1967年に設立されたASEANには現在、フィリピン、シンガポール、タイ、インドネシア、ブルネイ、ベトナム、カンボジアなど10カ国が加盟している。安倍首相は今年1月のベトナム、タイ、インドネシア訪問を皮切りに、すでに加盟10カ国全てを訪問するなど、ASEAN諸国との連携に力を入れてきた。安倍首相は12日午前には首相官邸でマレーシアのナジブ首相と会談した。今回の特別首脳会議で安倍首相は本格的な中国けん制に乗り出している。日本はかつてASEAN諸国と首脳会談を行う際、韓国と中国も含めた「ASEAN+3」という形を取ってきた。ところが今回は「日本とASEAN友好40周年記念」を口実に、韓国と中国は招待しなかった。
安倍首相は今回の首脳会議を通じ、ASEAN諸国向けに通貨スワップの拡大を含む複数の経済支援策を発表する予定だ。現在、日本はインドネシアと120億ドル(約1兆2400億円)、フィリピンと60億ドル(約6200億円)規模のスワップ協定を締結しているが、この規模を今後2倍ほどに拡大する方向で検討を進めており、さらにタイ、シンガポール、マレーシアとの通貨スワップ協定も復活させる方向で検討している。
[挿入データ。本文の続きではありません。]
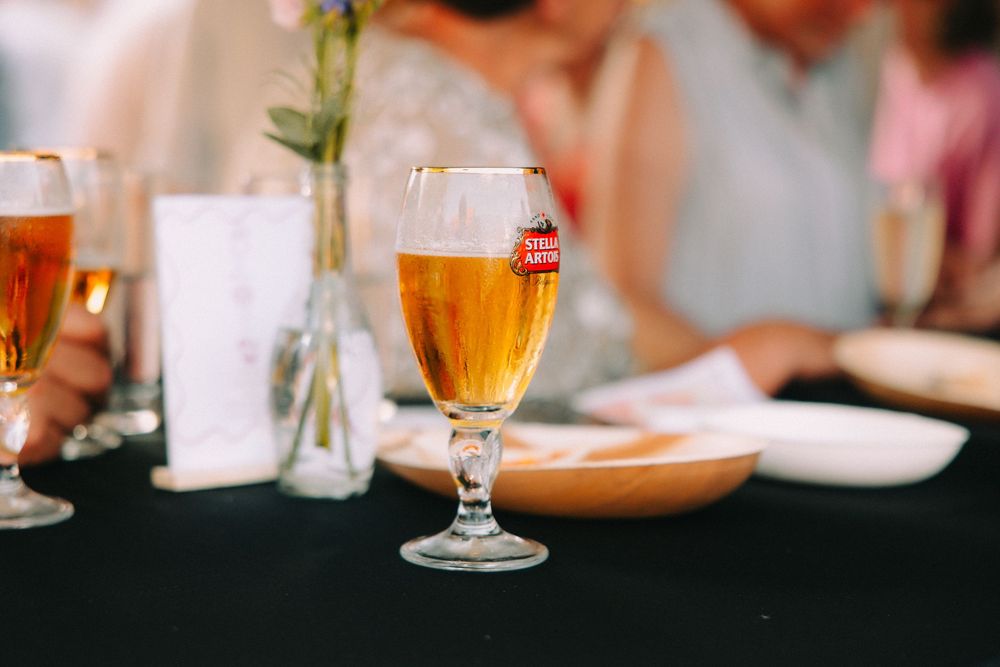 A Stella Artois beer in a stemmed glass on a black tablecloth at an elegant wedding reception dinner.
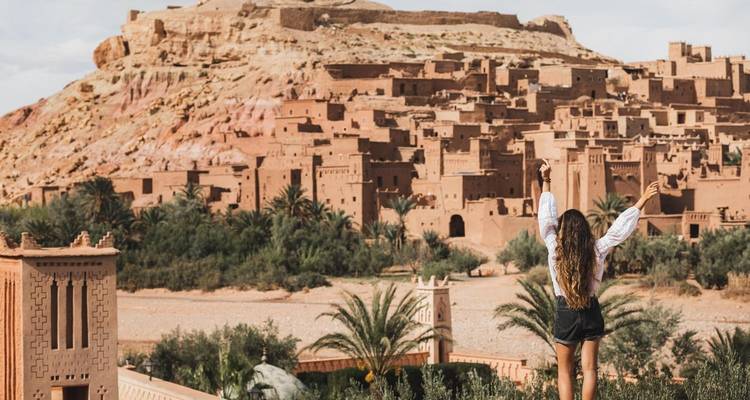 Reisender mit erhobenen Armen genießt den Blick auf das aus Lehm erbaute Ksar von Aït Benhaddou, umgeben von Wüstenpalmen.
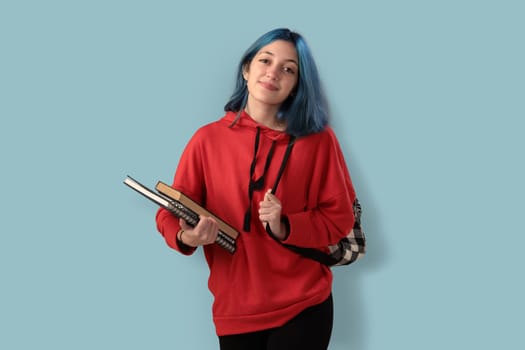 Cute young gilr student with blue hair books and a backpack over a cyan background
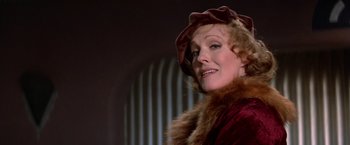 Movie still from “Victor/Victoria” (1982), directed by Blake Edwards – An older woman wearing a red dress and a hat; Close Up shot, Low angle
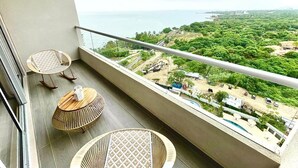 Een balkon met twee rieten stoelen en een tafel, met uitzicht op een kustlandschap met begroeiing en gebouwen.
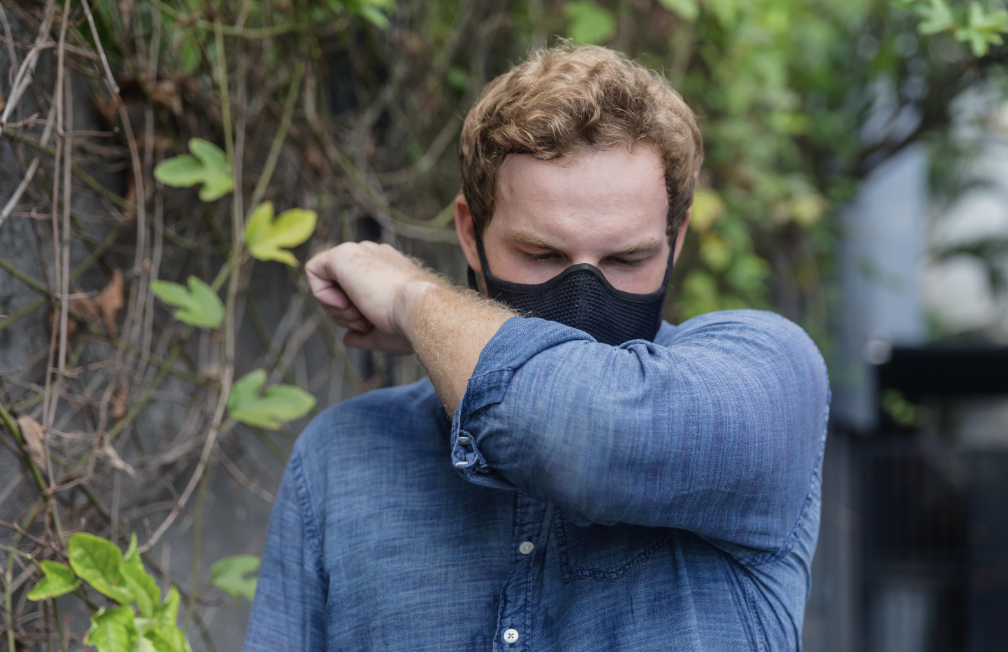 Man in a mask coughing into the crook of his elbow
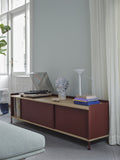 muuto enfold sideboard with a record player used as a media stand in a living room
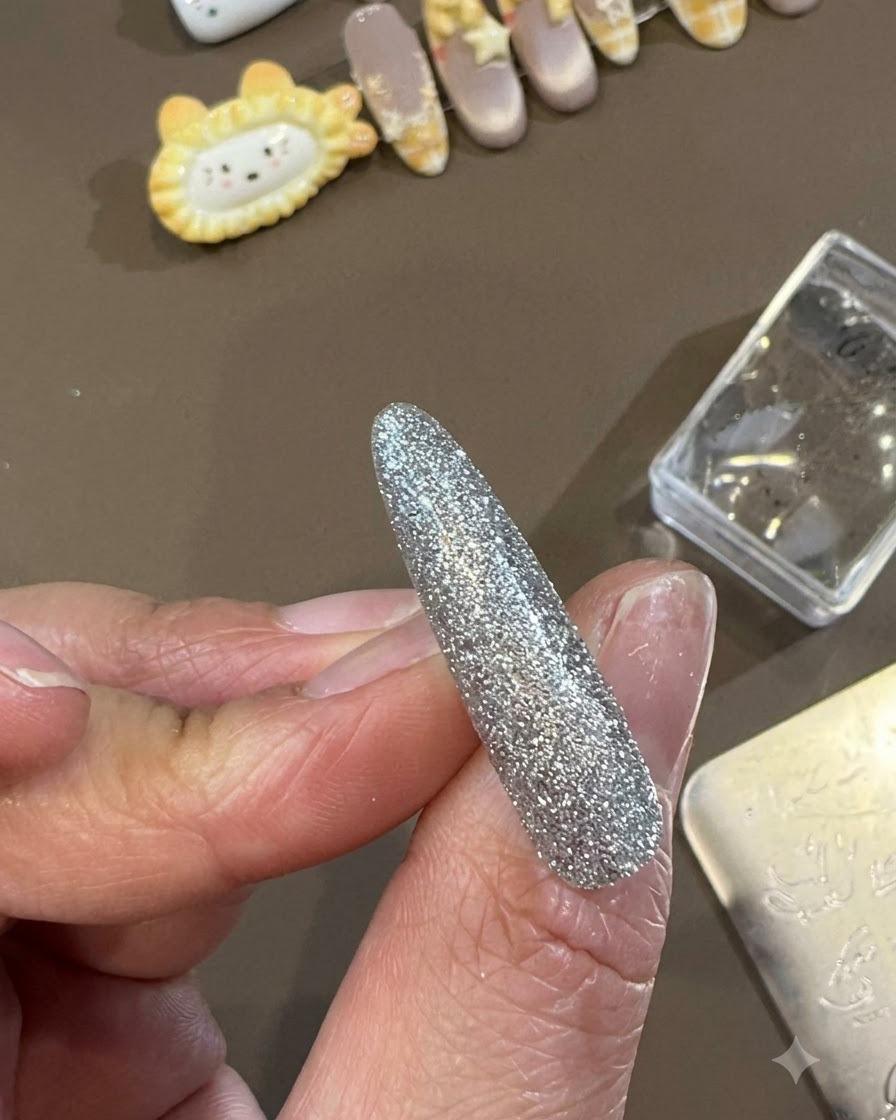 Pędzelek z żelem top coat rozprowadzający gładką, błyszczącą warstwę wierzchnią na ukończonym, dekoracyjnym wzorze paznokcia.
かつて日本はタイと60億ドル、マレーシアと10億ドル(約1030億円)、シンガポールと30億ドル(約3100億円)のスワップ協定を締結していた。さらに安倍首相はASEAN向けのODA(政府開発援助)拡大の方針についても発表する予定だ。日本経済新聞は12日付で「日本はASEAN諸国における災害対策支援の名目で、およそ3000億円規模の政府開発援助を提供する」と報じた。
今回の特別首脳会議での最も重要な議題は「中国による防空識別圏の設定」となる見通しだ。安倍首相はナジブ首相との会談で、今回の中国による防空識別圏設定に懸念を示し、ナジブ首相も「日本の懸念を理解する」と述べた。安倍首相は中国が近く南シナ海でも防空識別圏を設定することを示唆していることについて「ASEAN諸国に大きな影響を及ぼしかねない」と強調した。
共同通信は12日、日本政府が取りまとめた共同声明の原案について報じ、その中で「公海上空での飛行の自由と安全の重要性」に言及されていることを明らかにした。またフィリピンなどが南シナ海の島々について中国と領有権争いをしていることを念頭に、原案には「航海の自由を保障し、関係する紛争は国際法に基づいて平和的な方法で解決すべき」との内容も含まれている。しかし共同通信は「ASEAN諸国がこの原案にどこまで応じるかは未知数」とも伝えている。安倍首相は今年10月、ブルネイで開催された日本-ASEAN首脳会議でも、中国をけん制する内容が含まれた共同声明を事前に準備していたが、一部の国が中国を意識して難色を示したため、表現が一部修正されていたことが後から分かった。